President Barack Obama is repeating a debunked claim regarding his commitment to deficit reduction, one of the highest priority issues for voters this election cycle.
In a campaign video unveiled Wednesday, the president called for a "new economic patriotism" and touted his "balanced plan to reduce our deficit by $4 trillion over the next decade."
The claim that Obama has a plan—in the form of his most recent budget proposal—to reduce the federal deficit by $4 trillion over 10 years has been a constant refrain from the president on the campaign trail, and has been echoed by his Democratic allies.
Former President Bill Clinton, for example, praised Obama’s "reasonable plan of $4 trillion in debt reduction over a decade" during his primetime speech at the Democratic National Convention in Charlotte, N.C.
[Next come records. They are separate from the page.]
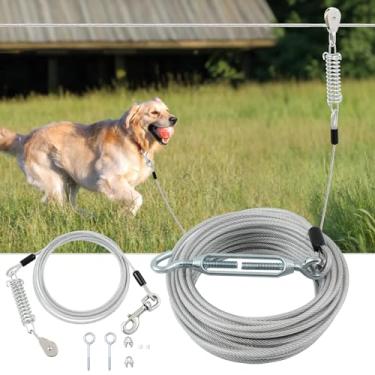 Imagem de LUFFWELL Corredor para quintal, guia longa de 200 pés com cabo de amarração de polia de 4,5 m para cães resistentes de até 113 kg, sistema de carrinho para cães grandes no quintal, parque e exterior,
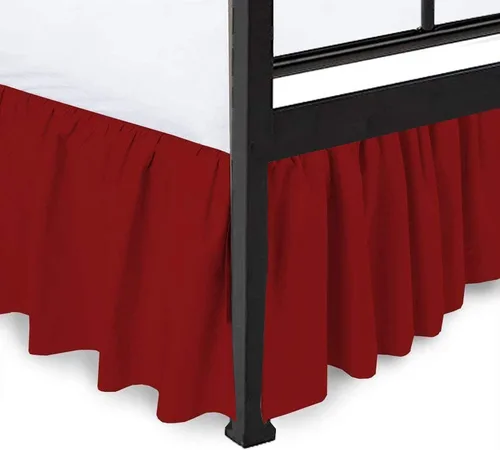 Miniatura 22 de Falda de cama individual negra para falda de cama con volantes con caída de 16 pulgadas, tela de tres lados ajustable con volantes suaves y sedosos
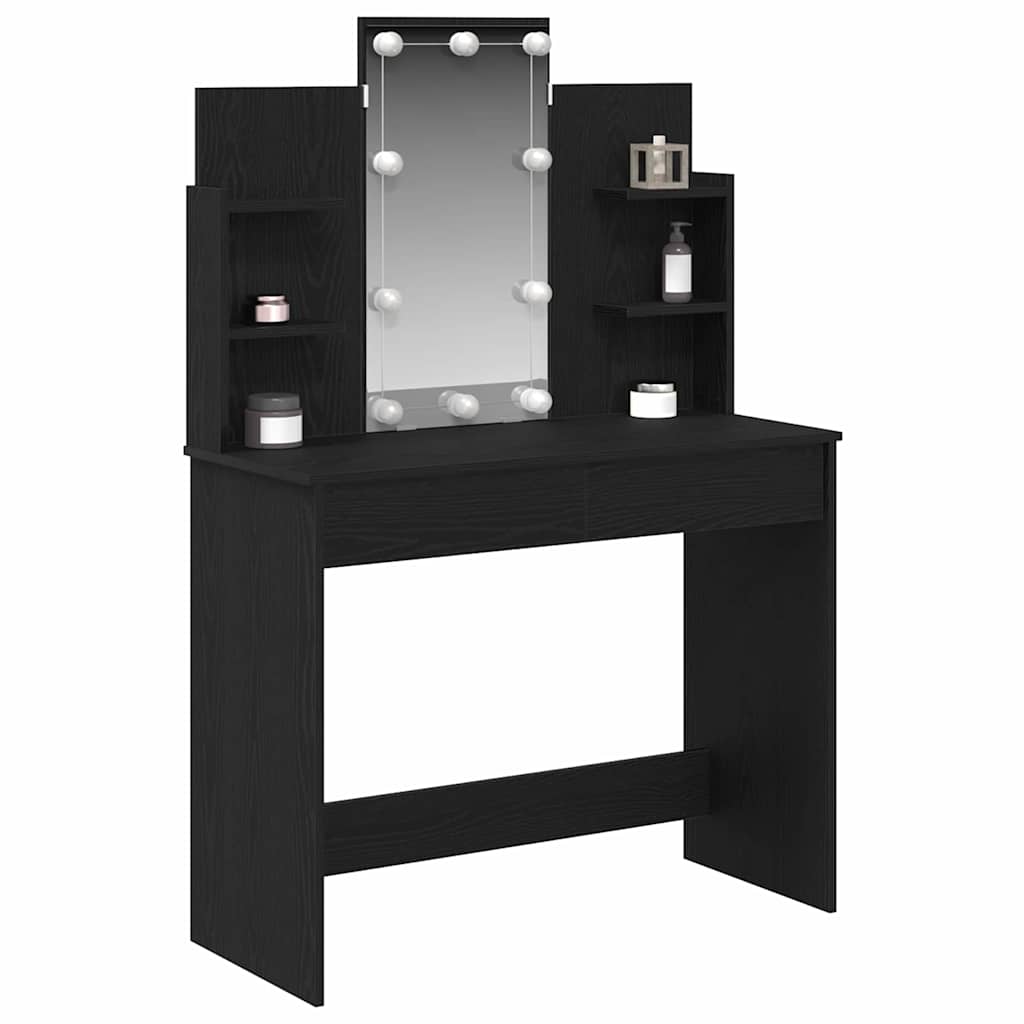Smykkebord med LED-lamper svart eik 96x40x142 cm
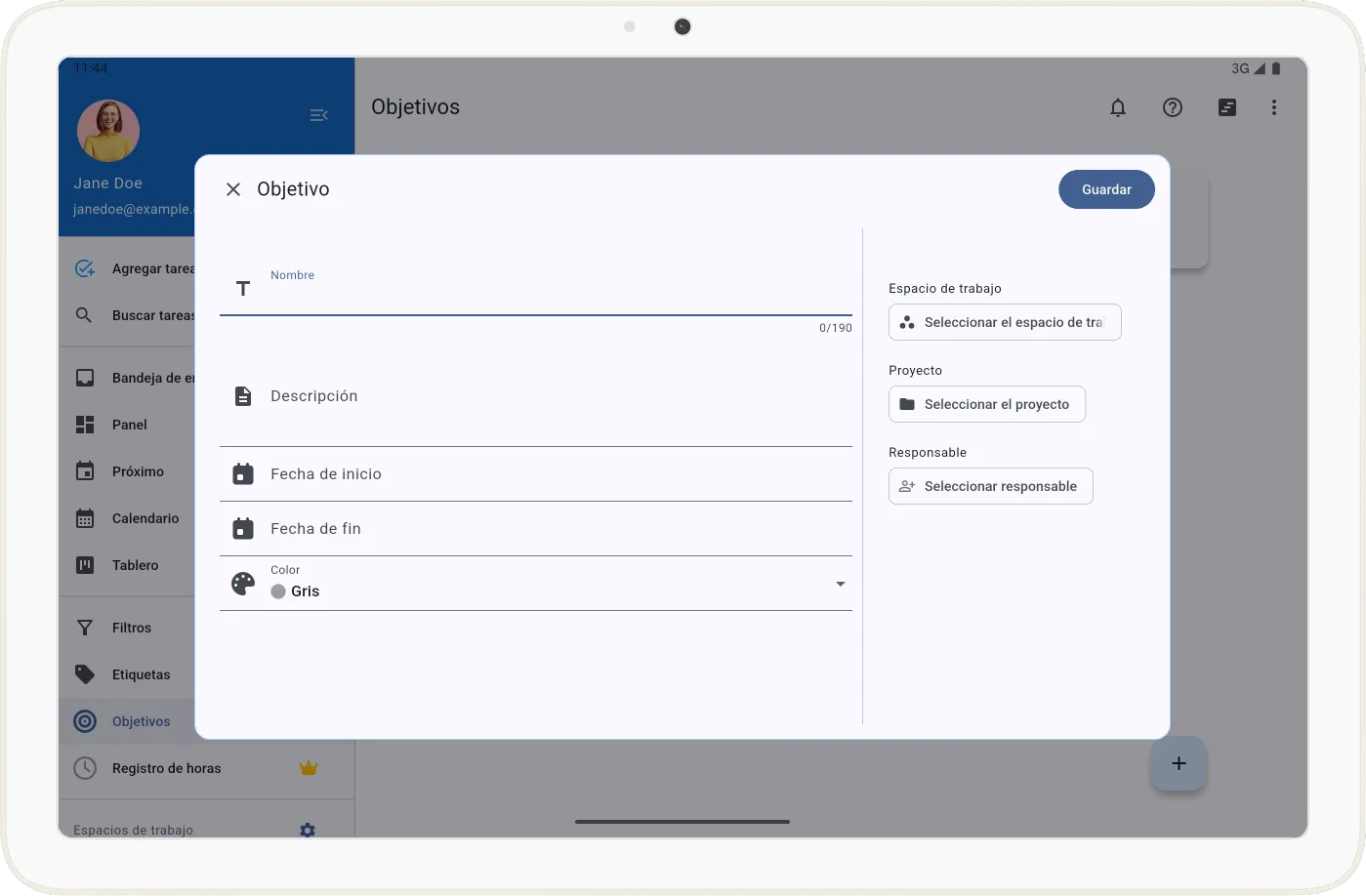 Formulario de creación de objetivos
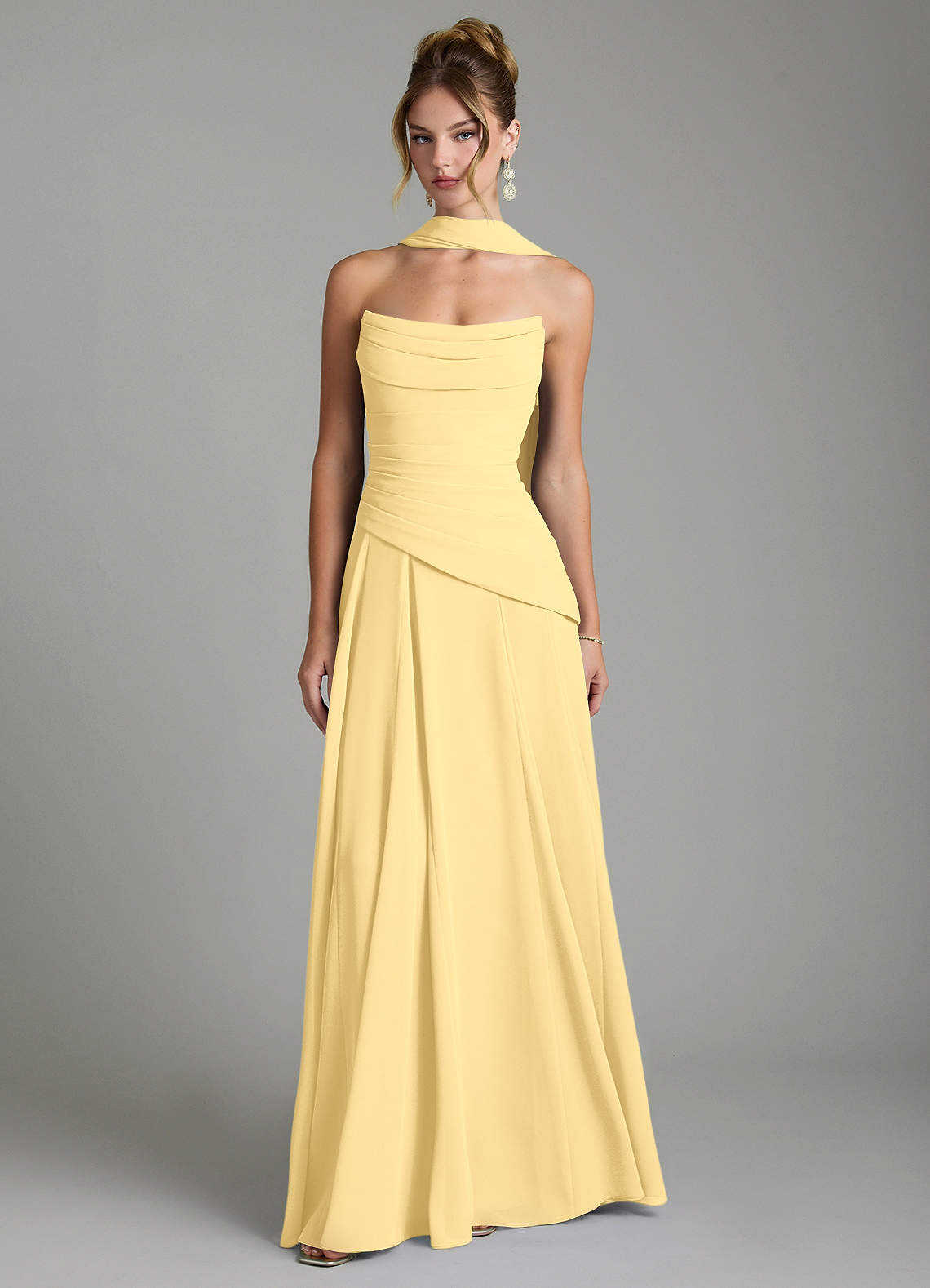 Gabriela A-Line Cowl-Neck Chiffon Bridesmaid Dress in Butter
However, as Glenn Kessler, the Washington Post’s in-house fact-checker, has made clear: "The repeated claim that Obama’s budget reduces the deficit by $4 trillion is simply not accurate."
"Virtually no serious budget analyst agreed" with the Obama administration’s accounting with respect to the $4 trillion figure, Kessler found.
Independent experts panned the president’s budget for its "troubling" reliance on gimmicks and accounting tricks to inflate the magnitude of the savings being proposed.
Keith Hennessey, a former director of the National Economic Council, estimated the true value of Obama’s deficit reduction—minus these gimmicks—to be about $2.8 trillion, and called even that reduced figure a "generous" assessment.
The president’s budget, for instance, takes credit for about $1 trillion in spending cuts that were already signed into law in 2011, and should already be incorporated given that they fall outside the 10-year budget window.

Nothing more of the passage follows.